DATA IN THIS EXERCISE section start

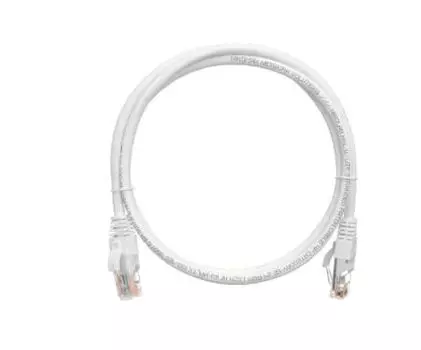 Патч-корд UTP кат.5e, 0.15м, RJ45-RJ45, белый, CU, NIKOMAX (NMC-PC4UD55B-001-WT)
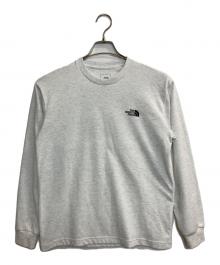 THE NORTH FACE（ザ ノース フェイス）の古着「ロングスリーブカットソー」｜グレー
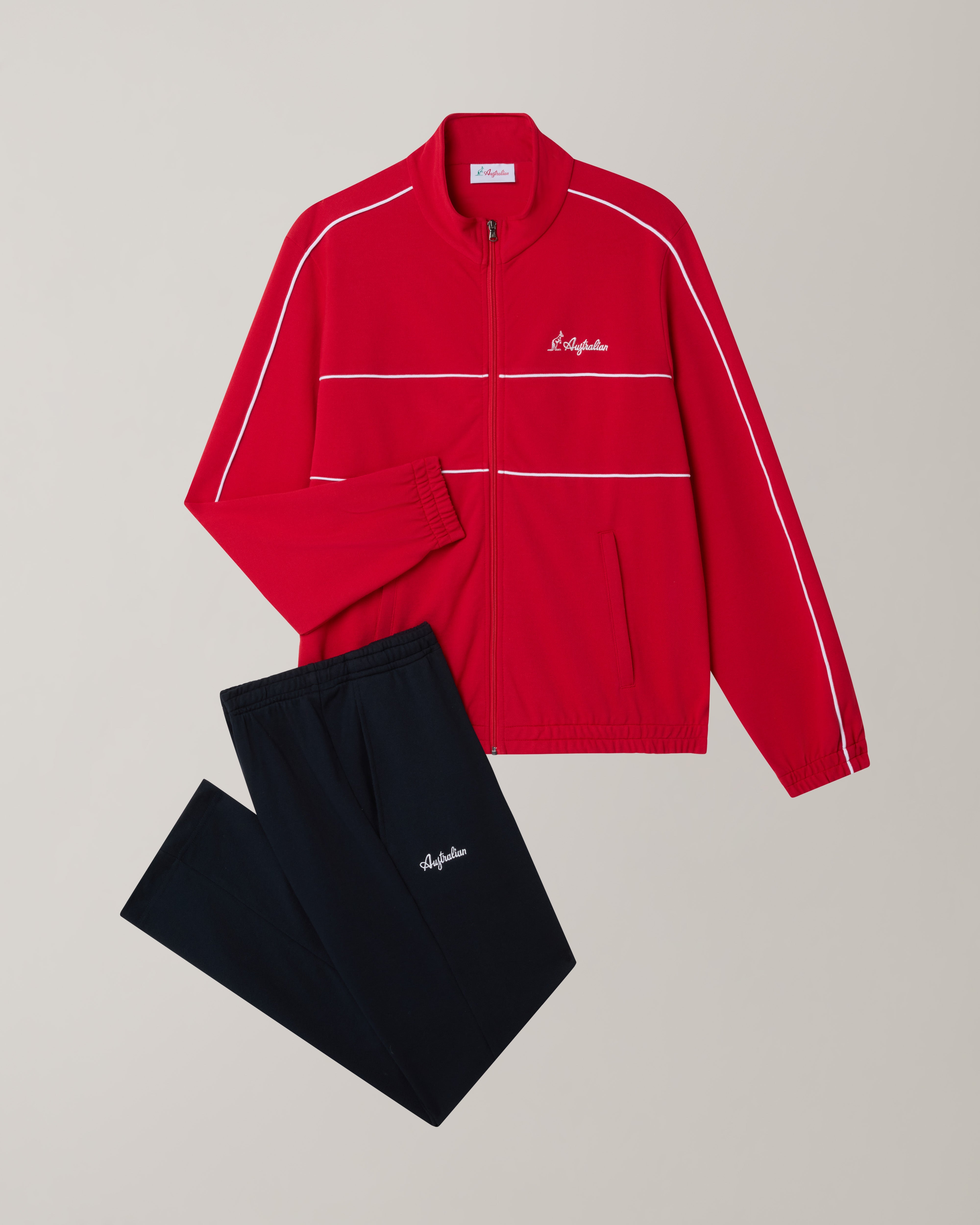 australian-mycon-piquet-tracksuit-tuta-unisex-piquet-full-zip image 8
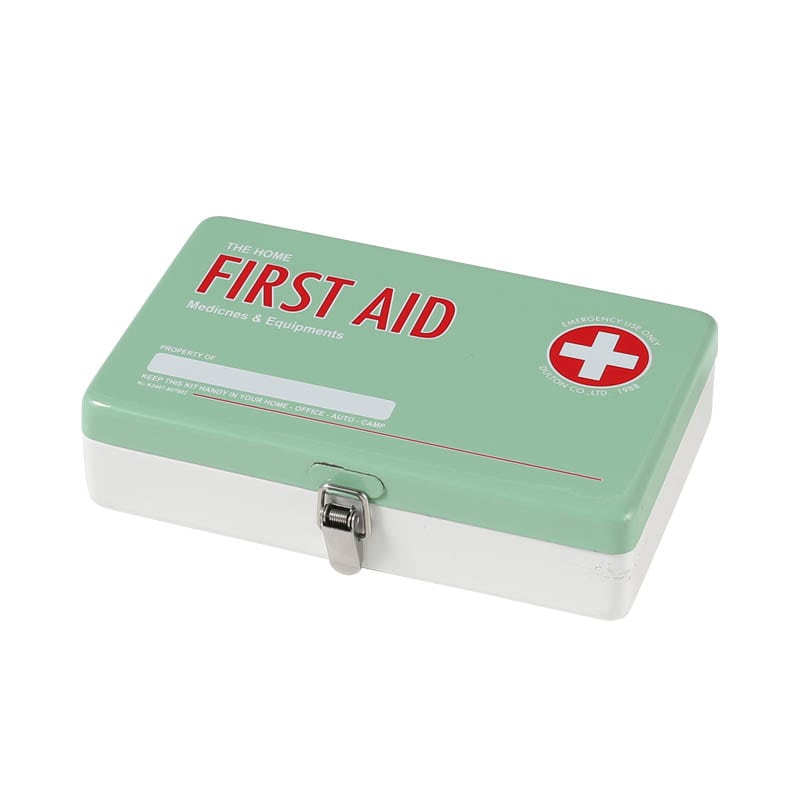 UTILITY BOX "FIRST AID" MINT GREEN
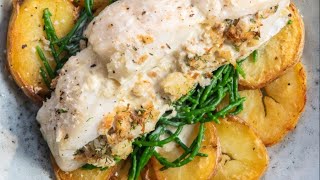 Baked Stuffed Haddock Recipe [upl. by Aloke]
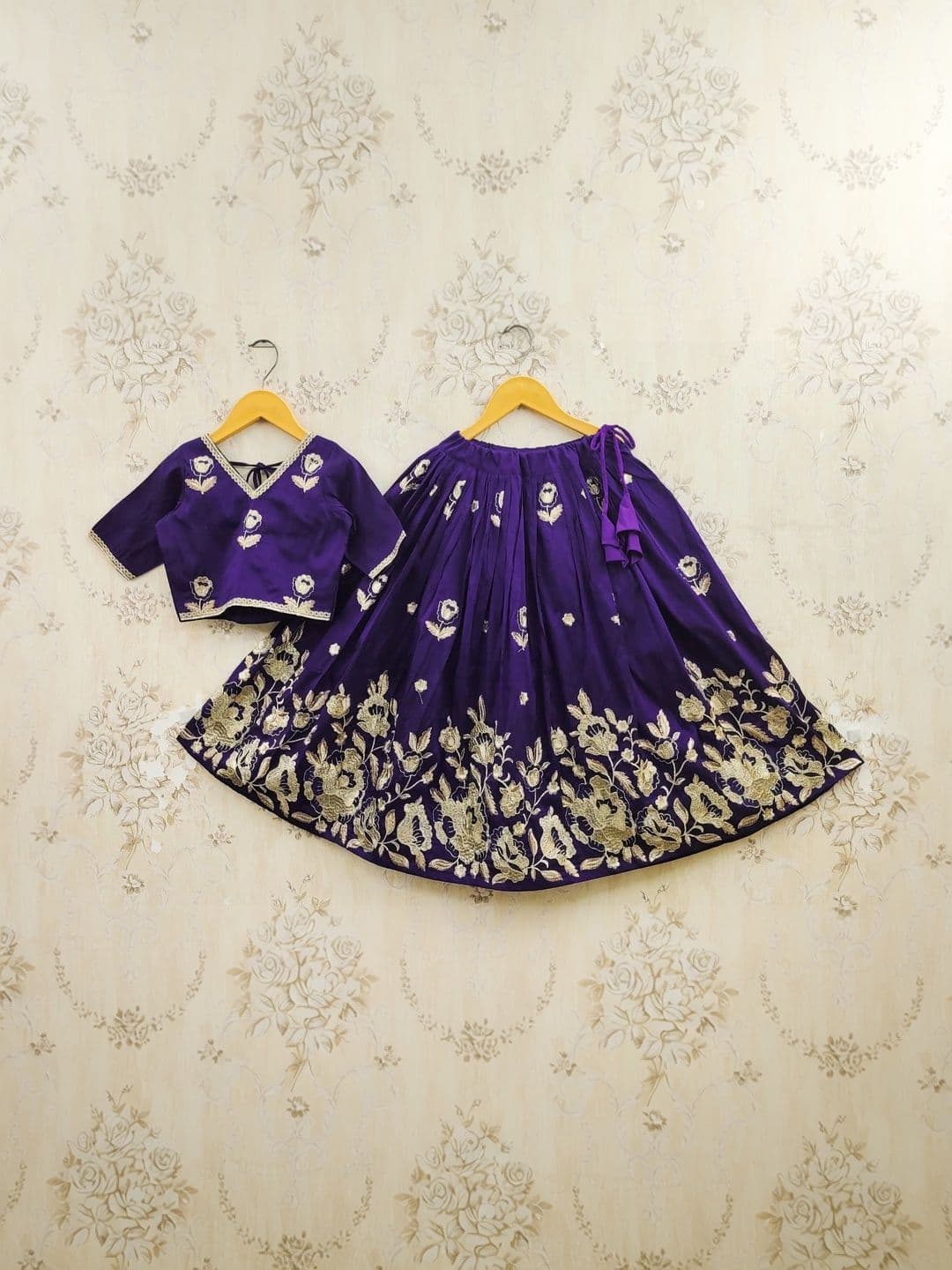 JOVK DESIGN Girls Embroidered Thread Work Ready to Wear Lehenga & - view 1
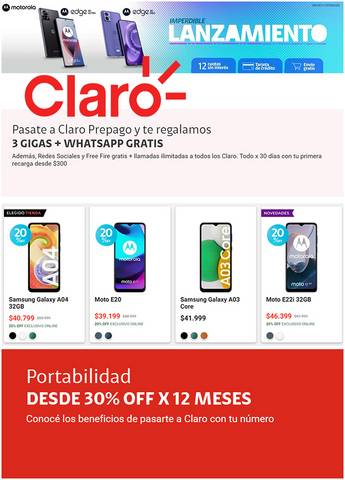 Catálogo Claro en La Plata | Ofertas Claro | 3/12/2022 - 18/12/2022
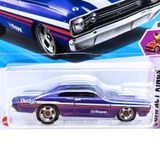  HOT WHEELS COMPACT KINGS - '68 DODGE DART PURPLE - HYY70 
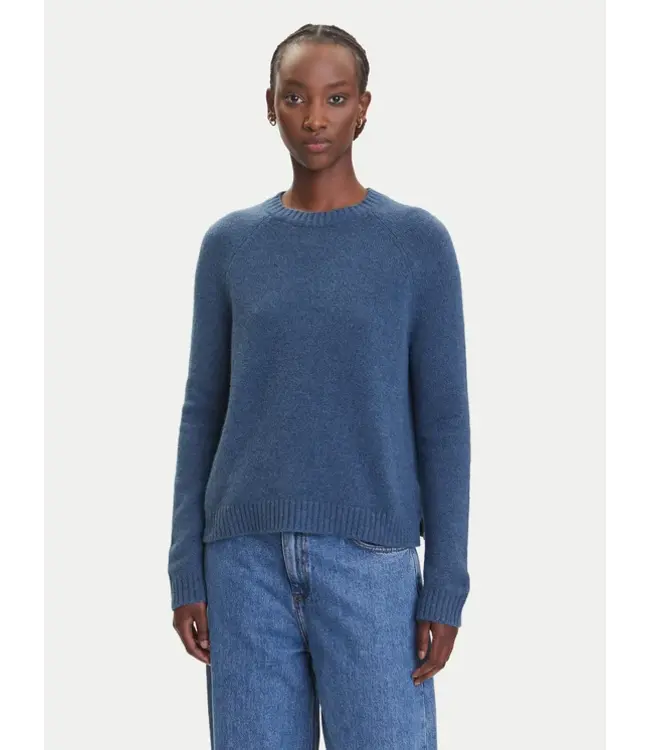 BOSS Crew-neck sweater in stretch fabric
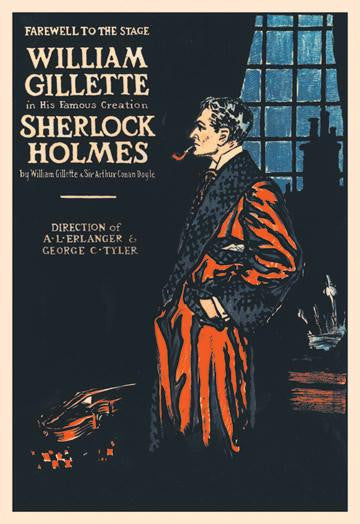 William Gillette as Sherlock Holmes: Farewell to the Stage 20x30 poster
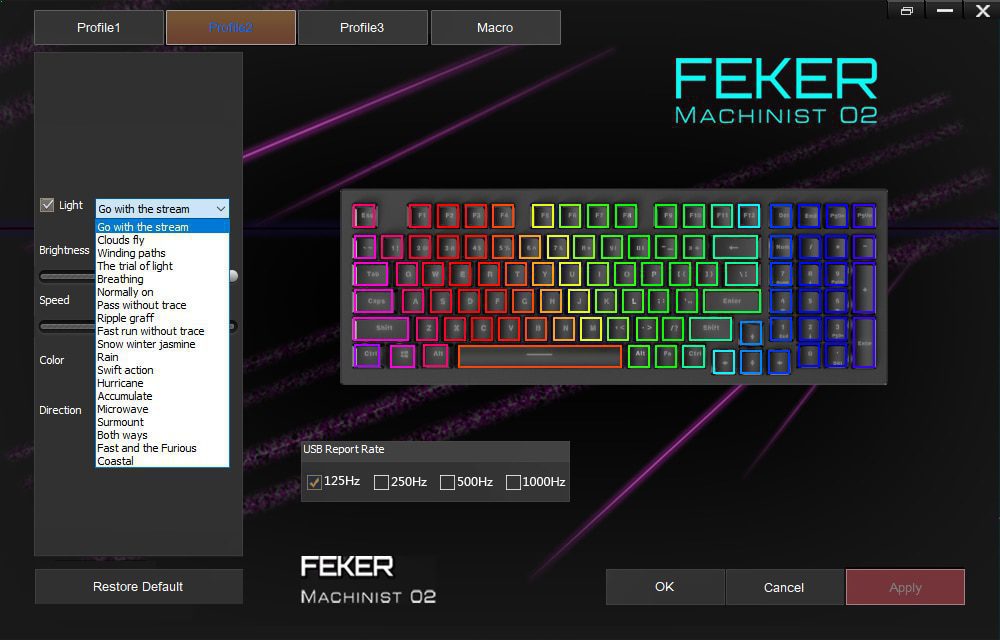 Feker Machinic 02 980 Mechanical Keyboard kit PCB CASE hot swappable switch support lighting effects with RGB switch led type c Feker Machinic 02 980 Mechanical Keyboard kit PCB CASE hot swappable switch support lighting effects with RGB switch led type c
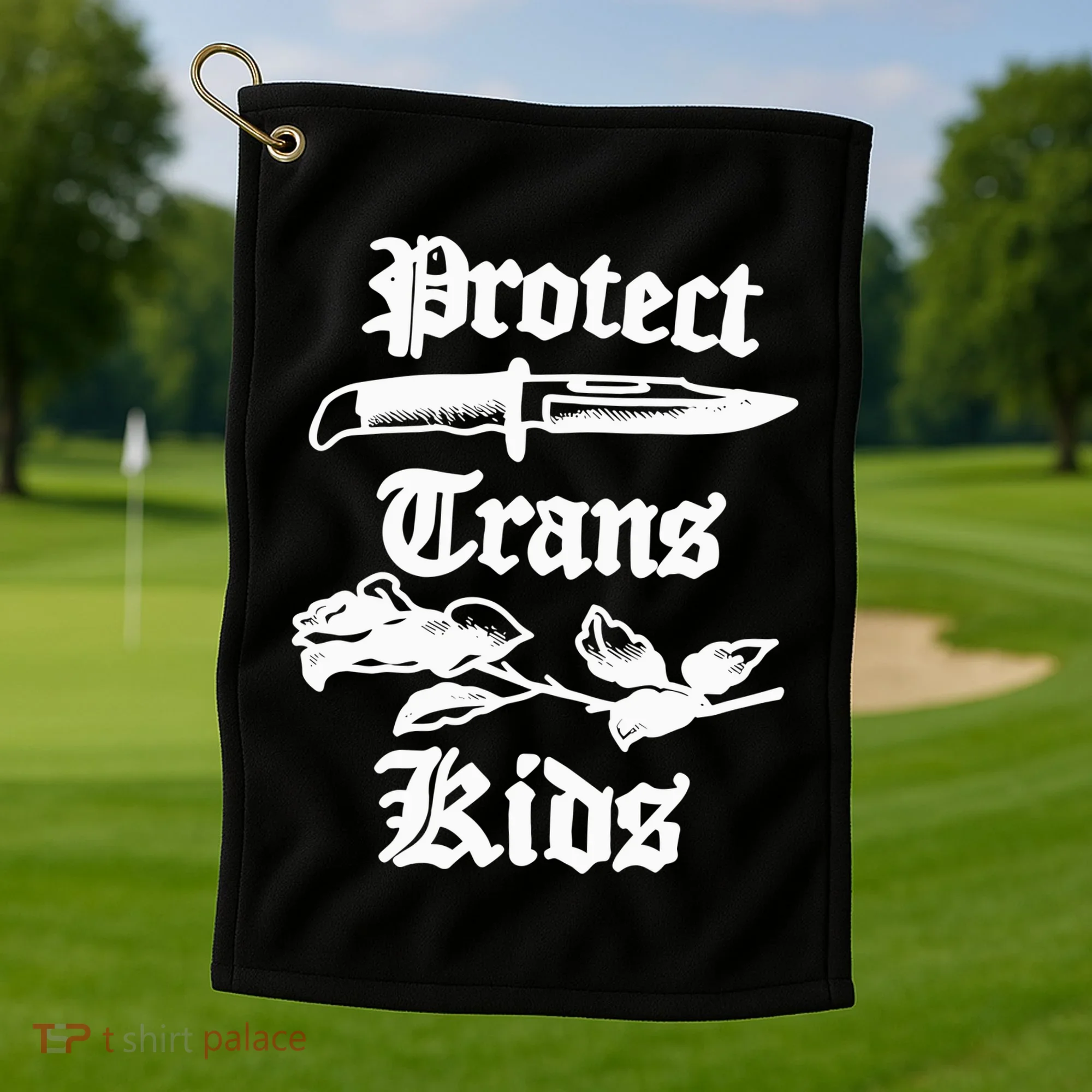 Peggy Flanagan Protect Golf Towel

DATA IN THIS EXERCISE section end

AIM OF THE EXERCISE:
An exact transcription is needed, covering the line with "Baked Stuffed Haddock Recipe [upl. by Aloke]" and every line after it to the end of the entries, but not the pictures.

SOLUTION FOR THIS PROBLEM:
 Baked Stuffed Haddock Recipe [upl. by Aloke]
 JOVK DESIGN Girls Embroidered Thread Work Ready to Wear Lehenga & - view 1
 Catálogo Claro en La Plata | Ofertas Claro | 3/12/2022 - 18/12/2022
  HOT WHEELS COMPACT KINGS - '68 DODGE DART PURPLE - HYY70 
 BOSS Crew-neck sweater in stretch fabric
 William Gillette as Sherlock Holmes: Farewell to the Stage 20x30 poster
 Feker Machinic 02 980 Mechanical Keyboard kit PCB CASE hot swappable switch support lighting effects with RGB switch led type c Feker Machinic 02 980 Mechanical Keyboard kit PCB CASE hot swappable switch support lighting effects with RGB switch led type c
 Peggy Flanagan Protect Golf Towel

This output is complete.